Would you print the lines below exactly, beginning at the line that has "Chickpea Salad with" and stopping after the line that has "Ortopeedilised nahast saapad"? Only those lines, and no pictures.

════════

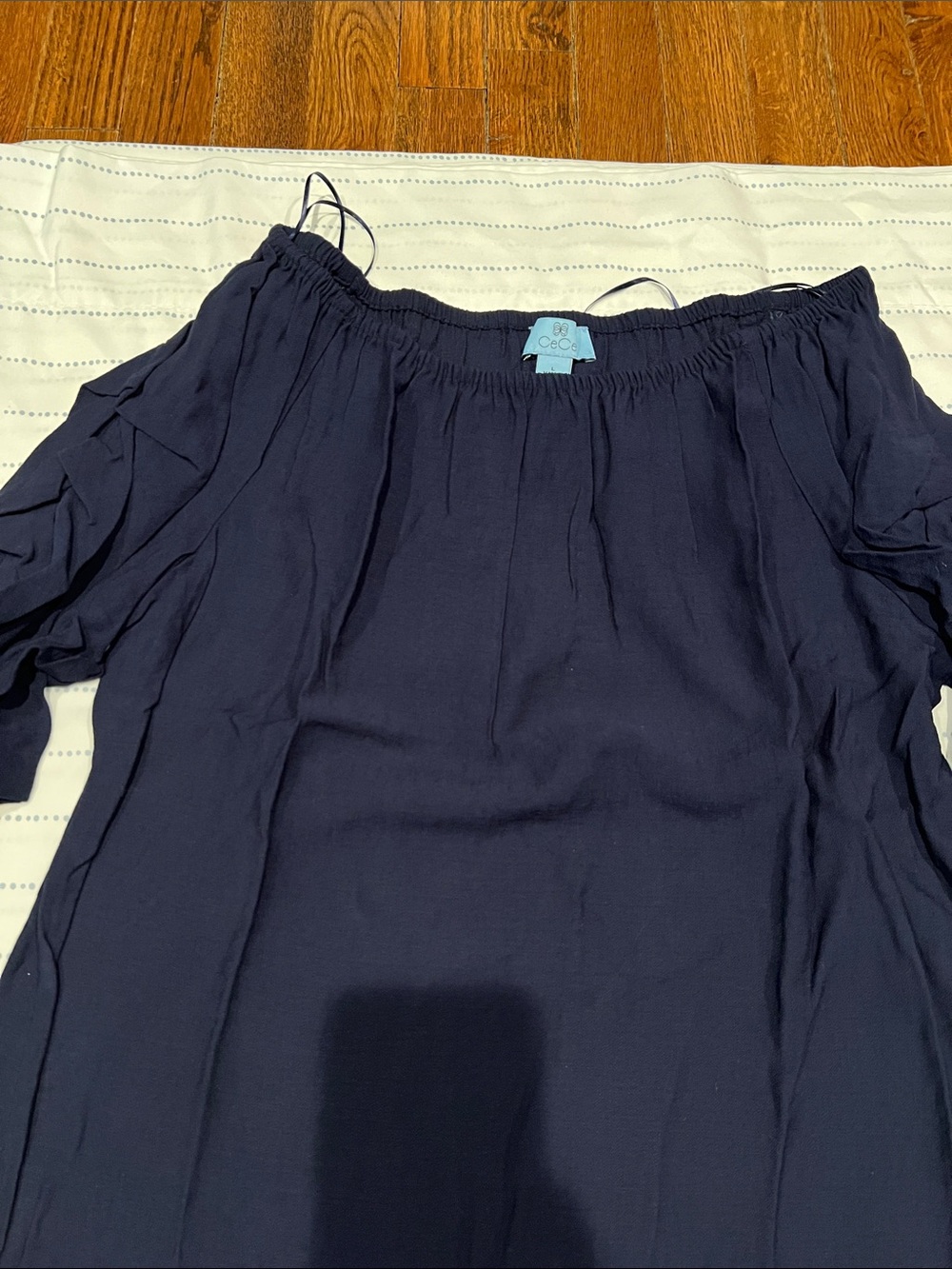 CeCe Off the Shoulder Navy Blouse with Smocked Neckline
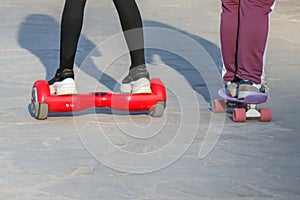 Teens riding gyrometer and skateboard closeup as background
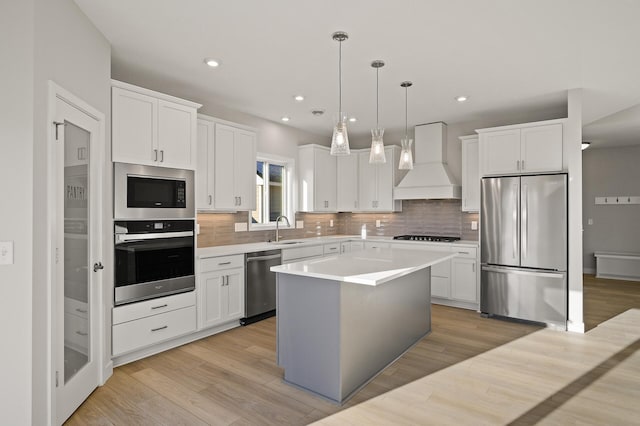 kitchen with appliances with stainless steel finishes, a kitchen island, white cabinetry, pendant lighting, and custom exhaust hood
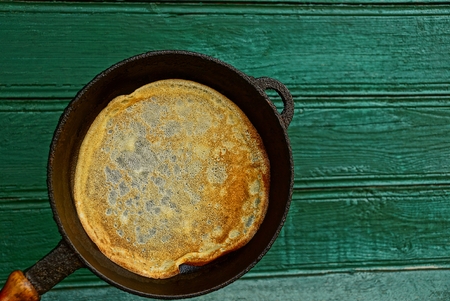 A pancake in a frying pan on a wooden wall backgroundの写真素材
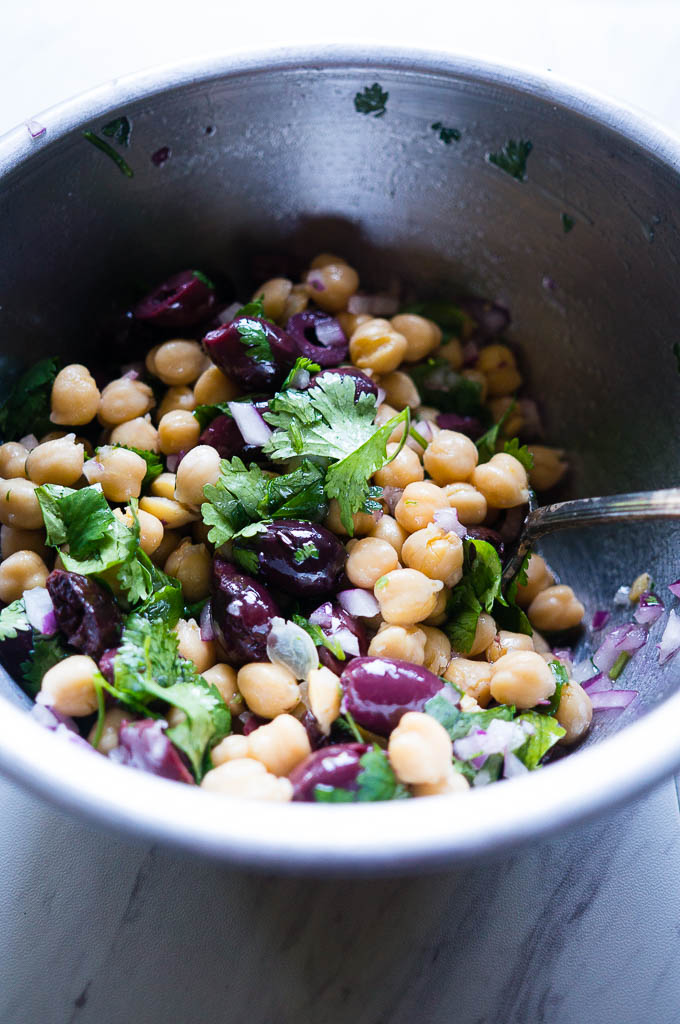 Chickpea Salad with Lemon, Tuna, and Olives. The perfect lunch for 2: a fresh, pantry staple meal that is good on the budget and even better for you!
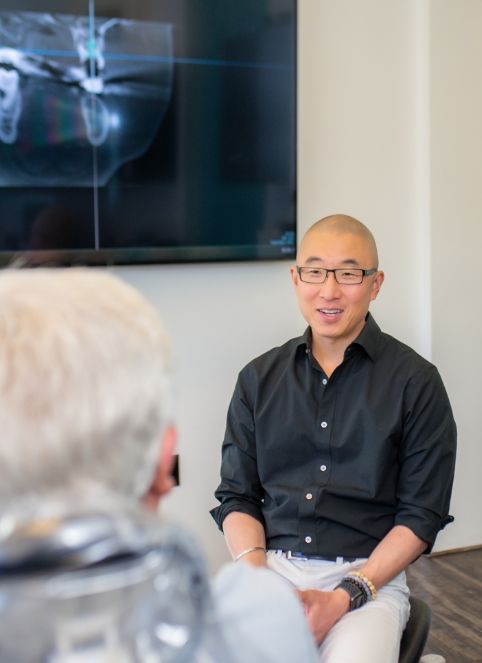 Doctor Hong talking to dental patient during preventive dentistry visit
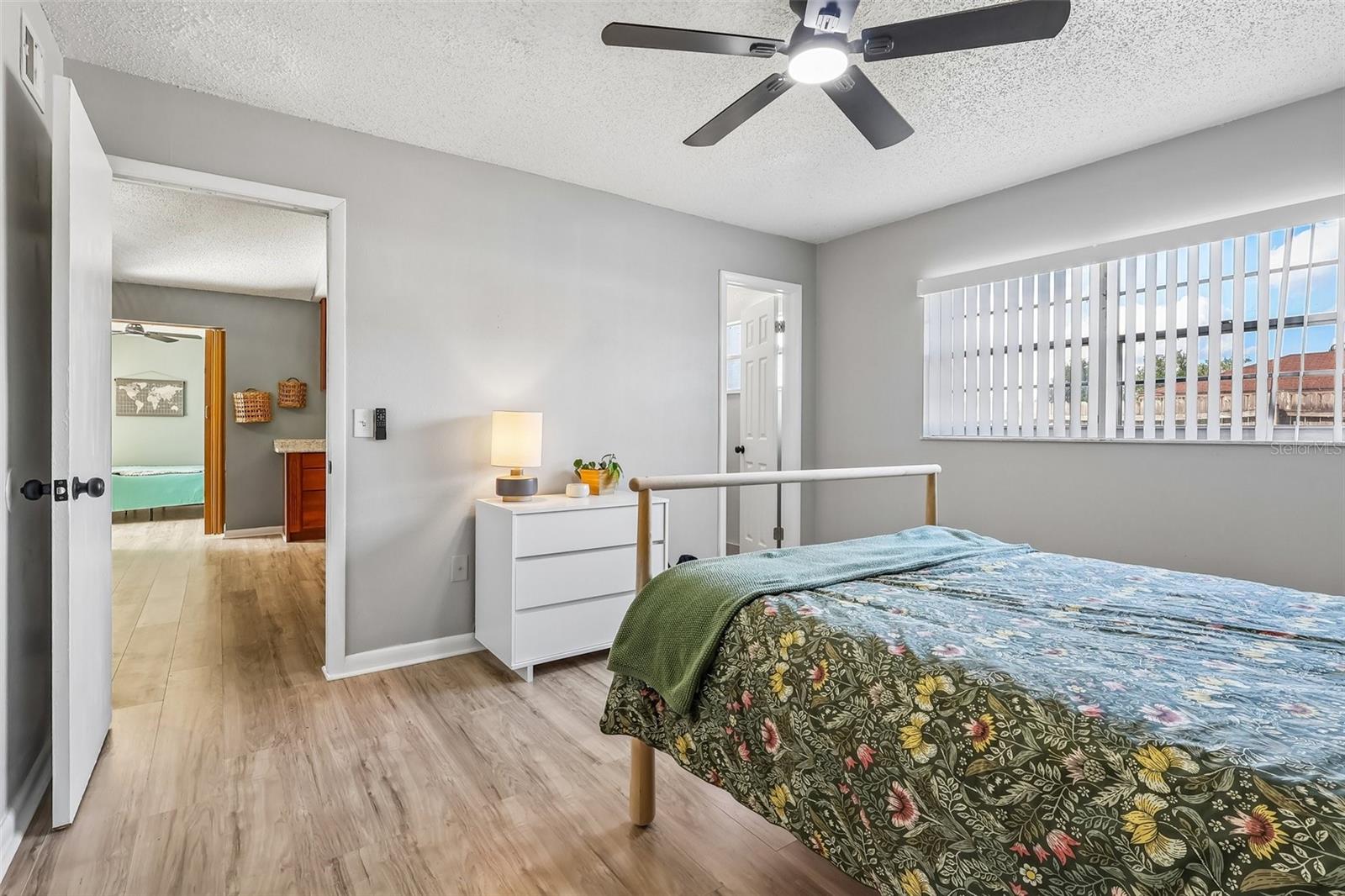 The primary suite has a large window and an en-suite bathroom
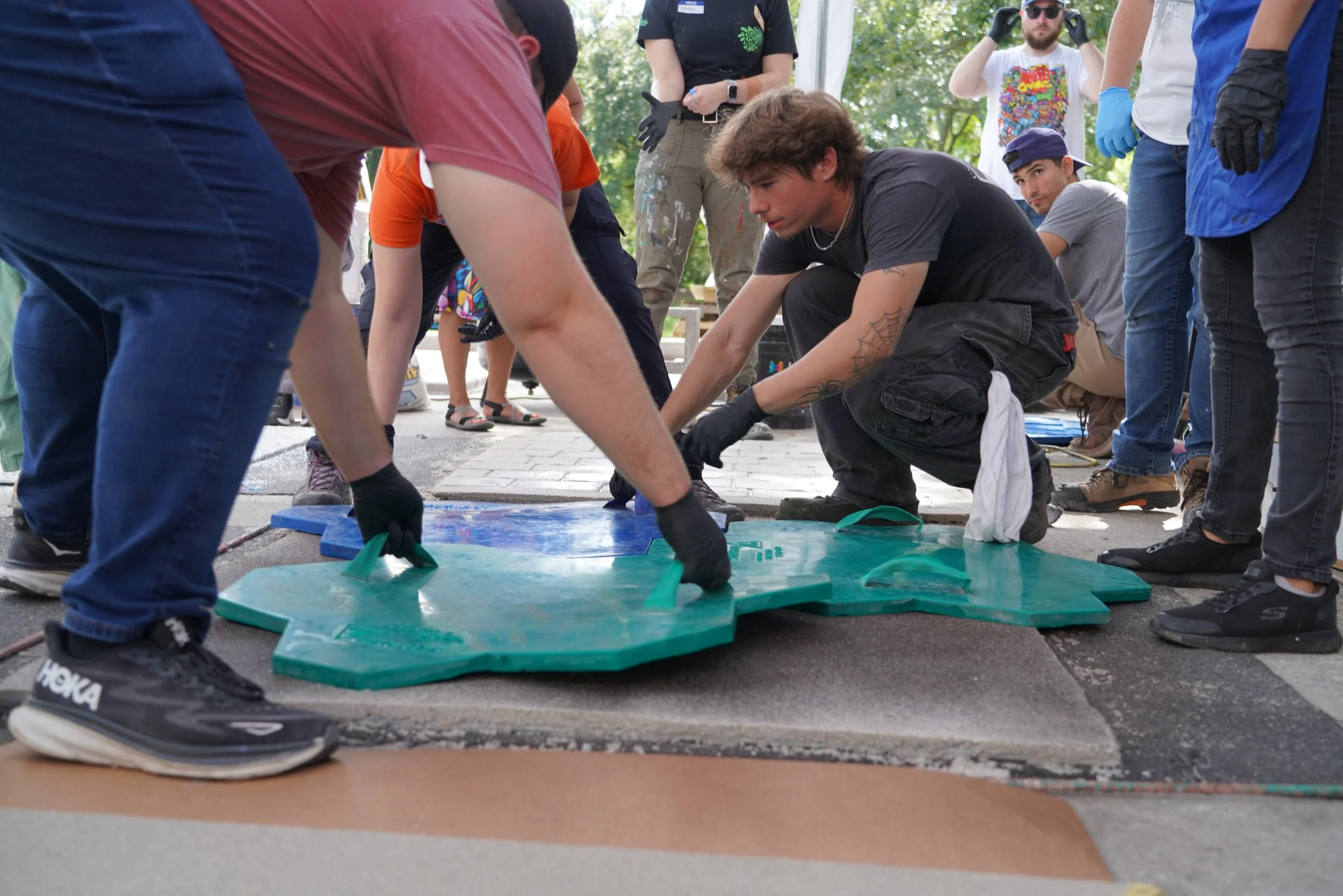 Students use texture mats to imprint on Resinwerks stamped epoxy mortar system.JPG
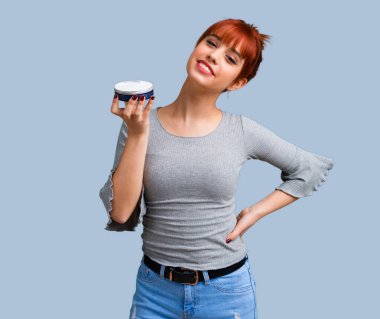 Mavi arka plan üzerinde nemlendirici ile genç Kızıl saçlı kız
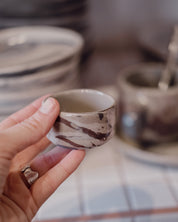 A hand holding a small handmade ceramic cup with a brown and beige marbled pattern, with other ceramic dishes blurred in the background.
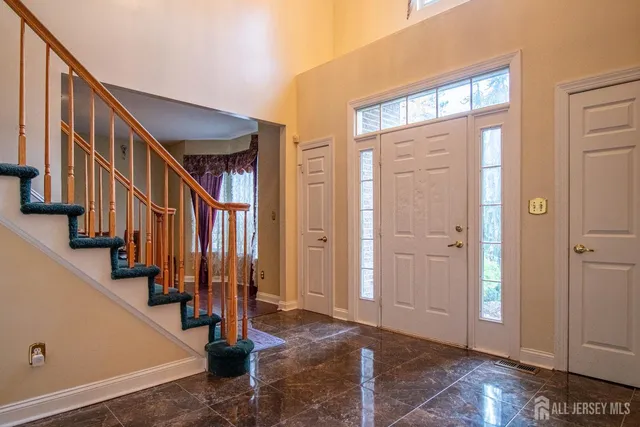 a view of an entryway with staircase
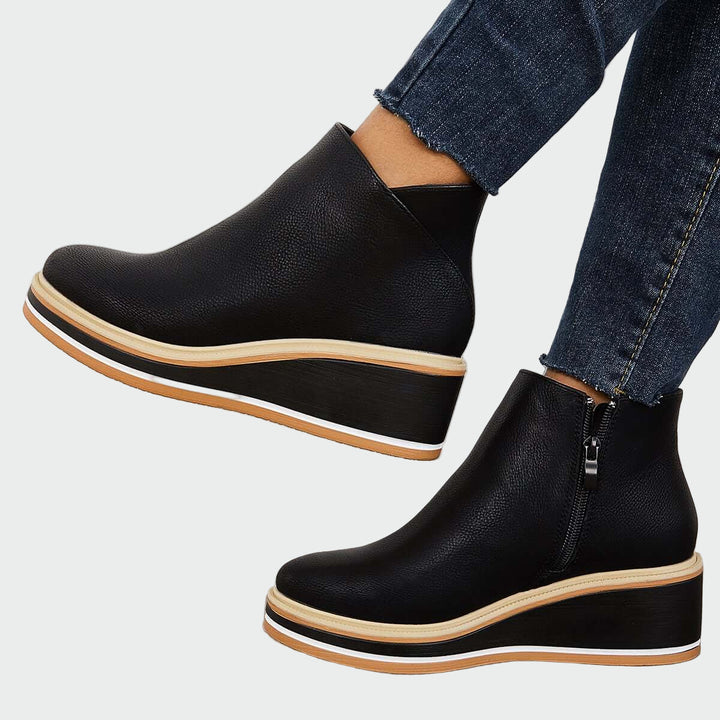 Ortopeedilised nahast saapad mugavuse ja toe jaoks.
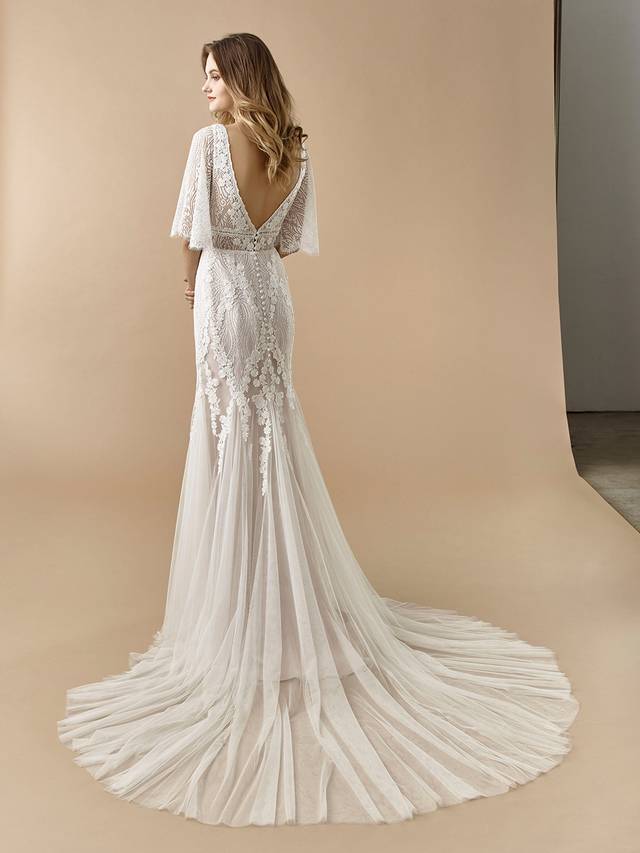 Code: Enzoani Beautiful BT20-05 Code: Enzoani Beautiful BT20-05 Perfect for the boho bride. This full-length mermaid gown is gorgeous at every turn with its fluttering, light lace sleeves and soft tulle skirt. A deep V-back adds a sexy, modern touch that is sure to captivate your guests. Covered buttons and an invisible zipper add final touches to this lovely look.Colour Options: Ivory/Latte OR Ivory/Ivory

════════

• **Completed exercise**:
 Chickpea Salad with Lemon, Tuna, and Olives. The perfect lunch for 2: a fresh, pantry staple meal that is good on the budget and even better for you!
 Doctor Hong talking to dental patient during preventive dentistry visit
 The primary suite has a large window and an en-suite bathroom
 Students use texture mats to imprint on Resinwerks stamped epoxy mortar system.JPG
 Mavi arka plan üzerinde nemlendirici ile genç Kızıl saçlı kız
 A hand holding a small handmade ceramic cup with a brown and beige marbled pattern, with other ceramic dishes blurred in the background.
 a view of an entryway with staircase
 Ortopeedilised nahast saapad mugavuse ja toe jaoks.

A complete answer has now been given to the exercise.